Tuesday, December 18, 2007

Worst Call?

As I’ve mentioned in previous posts, it appears that the officiating this year has been mediocre at best, more likely atrocious, and possibly incompetent to criminal. And I’m not just counting all of the calls that have gone against the Eagles and the no calls that haven’t been flagged on their opponents. It’s a league wide problem only highlighted by the Eagles.

 

To wit, Ken Hamlin’s helmet to helmet hit on Matt Schobel was an inexplicable no call. If Hamlin does that to a quarterback he’s probably ejected from the game. But against a defenseless tight end there’s no penalty?
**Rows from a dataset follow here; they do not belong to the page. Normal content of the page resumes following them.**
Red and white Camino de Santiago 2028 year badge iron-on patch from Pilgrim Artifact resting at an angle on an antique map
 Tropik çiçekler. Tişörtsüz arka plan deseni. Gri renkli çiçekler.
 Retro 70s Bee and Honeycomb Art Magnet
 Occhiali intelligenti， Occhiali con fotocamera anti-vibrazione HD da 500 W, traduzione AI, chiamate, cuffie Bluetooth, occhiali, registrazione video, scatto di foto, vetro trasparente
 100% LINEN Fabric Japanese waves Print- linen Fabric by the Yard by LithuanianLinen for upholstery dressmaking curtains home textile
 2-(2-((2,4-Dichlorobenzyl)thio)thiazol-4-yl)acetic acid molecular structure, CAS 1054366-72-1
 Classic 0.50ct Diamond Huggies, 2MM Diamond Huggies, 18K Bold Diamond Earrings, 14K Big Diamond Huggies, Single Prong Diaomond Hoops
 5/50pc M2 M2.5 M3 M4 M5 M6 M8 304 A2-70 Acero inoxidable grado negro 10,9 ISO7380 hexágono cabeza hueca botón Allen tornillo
I’m still waiting for the fine he should incur from the league office.

 

But the award for the worst penalty of the week has to go to the intentional grounding called on Kyle Orton last night (coincidentally, it impacted the Eagles since it cost the Bears a scoring opportunity and with the Bears loss knocked the Eagles out of the playoff picture).

 

Orton threw a pass 20 yards DOWN THE MIDDLE OF THE FIELD while in the pocket. But because he underthrew his receiver by 10 yards the officials bizarrely ruled it intentional grounding. Now the apologists will point out that the Bears were also called for holding on the same play that the Vikings declined, but it’s important to note that they accepted the intentional grounding because of the loss of down provision. The Bears were then forced to punt on 4th down.

 

I have never seen an underthrown pass that landed 20 yards downfield called intentional grounding, though I might again this year with these refs.